Having focused on Reeves’ arrival in China from the outset of Miasma, Plants, Export Paintings, counterposing Chinese export paintings on the left-hand side of the screen with contemporary video footage of tourists photographing themselves on the deck of boats cruising a city harbour on the right, Wang then turns explicitly to Reeves’ plant collecting for Kew in his voiceover commentary. An extract from a 1962 film titled Kew Gardens plays on the left-hand side of the screen as the right-hand side remains black (Fig. 1).[8]

 


Cooper Fig 1
Figure 1: An extract from Kew Gardens (1962).
Miasma, Plants, Export Paintings (Bo Wang and Pan Lu, 2017). Screenshot.

 

Wang speaks over the Kew Gardens commentary intermittently, noting first that thanks to Banks, Kew had developed a network of gardeners, plant hunters, and naturalists who transported plants from colonies all over the world. In its entirety, Kew Gardens is a short film from the Pathé archives that runs for just over two minutes. In Wang and Lu’s video essay this is edited to just over one minute to feature the beginning and the end. Kew Gardens is concerned with showcasing the geographical diversity of the gardens’ plant life and to map this onto people. In this, it picks up a strand of representation of Kew that dates back to a longer film made during the Second World War, World Garden (1942), whichwas directed by documentary filmmaker Robin Carruthers, who would go on most notably to make the Oscar-nominated colonial film They Planted a Stone (1953) on the British presence in Sudan.

 Actor Charles Lefeaux provides the commentary in this earlier short, explaining at the start over an aerial panning shot of the gardens and the rooftops of London that Kew is a world garden because it has “flowers and shrubs and trees from every country in the world.” In both Kew films, the garden is constructed as an ideal space, suggesting continuity in the twentieth century with what historian of science Jim Endersby notes of the Edenic plan of the early modern garden to bring everything in the world back together. World Garden, like the later Kew Gardens, thereby posits an ideological vision that disguises the power relations behind its construction as idyll.

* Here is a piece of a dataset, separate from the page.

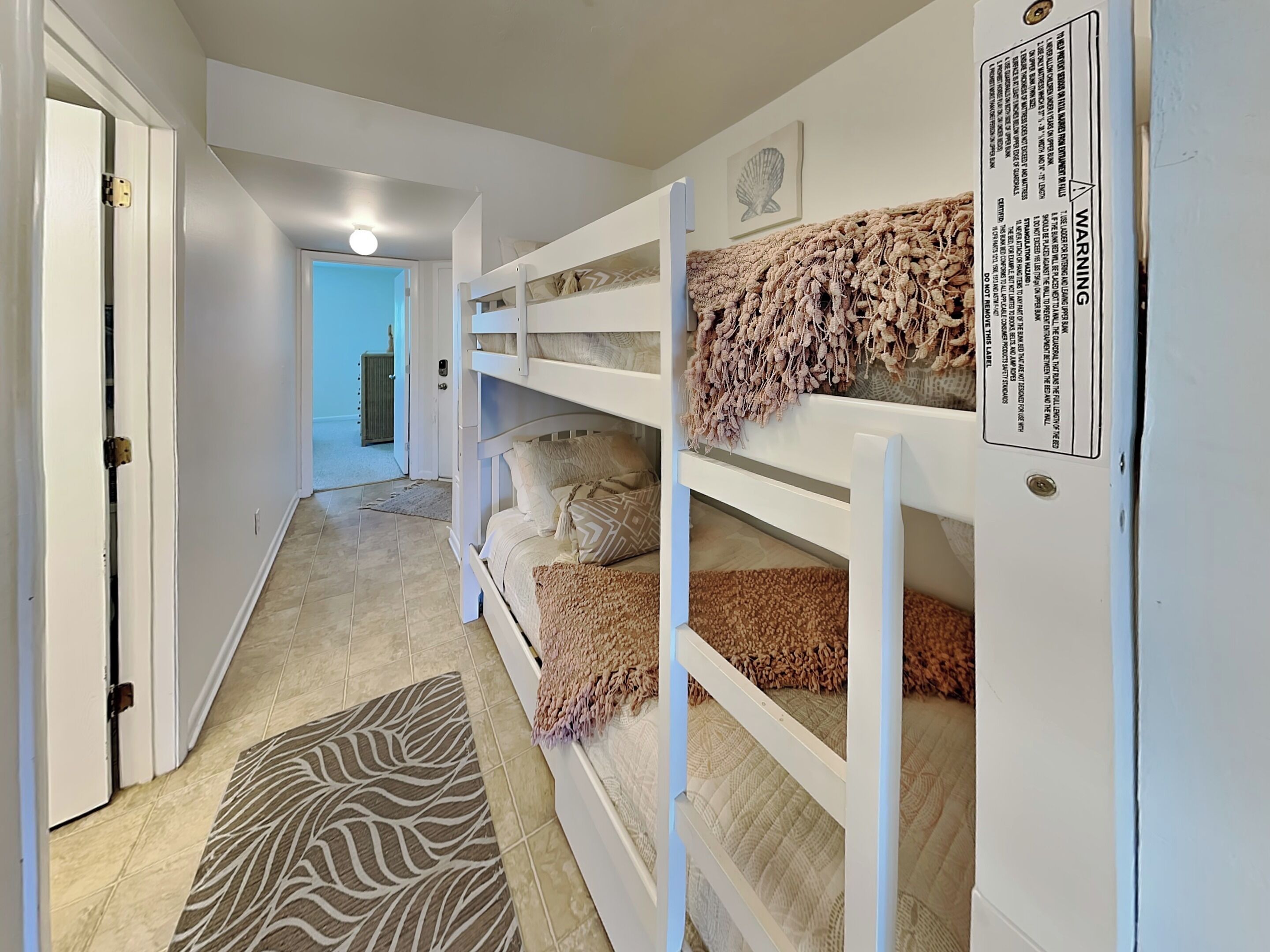 A bunk bed with a warning label, a zebra-patterned rug, and a door leading to another room.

Although the world is at war in the earlier film, there is no sign of it in the blue skies and verdant sunlit gardens, and although the accumulation of various plants and people in London in the later film is presented equally sunnily, the riven colonial backdrop is still there in multi-cultural 1960s Britain. The aspiration of bringing together myriad aspects of the globe in one place is driven by an unacknowledged imperialism and ethnocentrism, led here by plants. Senior figures at Kew Gardens have sought recently to address the connection between Kew and colonialism as part of a widely reported pledge to decolonise Kew, committing not only to equality, diversity, and inclusion principles in the present and future but also to revisiting its history (Antonelli and Deverell). Miasma, Plants, Export Paintings precedes this ambition, already initiating critical processes that challenge the colonial matrix in its own artistic context. The positioning of the extract from Kew Gardens in this video essay is crucial to exposing the colonial mission that guided the botanical paintings Reeves commissioned from the local Chinese artists.

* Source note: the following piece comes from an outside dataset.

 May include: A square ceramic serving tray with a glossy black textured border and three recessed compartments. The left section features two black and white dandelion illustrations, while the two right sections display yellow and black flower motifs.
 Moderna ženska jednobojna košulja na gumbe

The male voiceover of the Kew Gardens extract declares over percussive music how beautiful the Orient is, exclaiming “what a pity it is that the Far East with its exotic flowers, its carved temples, is so very far away.”[9] Querying the initial location, the voiceover continues to observe that we are not in the Far East but in tropical Africa, as a black gardener is shown tending to a hibiscus plant and a close-up of one of its red blooms is shown “that only grows near equatorial ponds and swamps.” As Wang and Lu’s edit then takes us to the closing part of the film, Wang describes how imperial expansions remapped the order of society and the transfer of plants rearranged the order of nature. The impetus behind the earlier film, World Garden, to set up Kew as a microcosm of the world, is returned to in the final sentence of the Kew Gardens extract as the camera pans to a red double-decker bus pulling up outside the place that presents “the whole of this colourful world of ours in miniature. And to get there, you take a bus.” This London garden is, then, still a world garden in the sense that plants are gathered together from around the world. Yet the colonising as well as Orientalising principles that inform the declared ease of access to this world by bus are made more rather than less apparent by focusing on people of colour tending to or visiting the garden, who are set up on the side of the exotic through their opening alignment with flowers. Through their editing and commentary, however, Wang and Lu succeed in challenging the harmony of the narrative of how diverse people and flowers grow side-by-side at Kew, and this carries over to their treatment of Reeves’ commissioned Chinese botanical art before it spans the whole essay.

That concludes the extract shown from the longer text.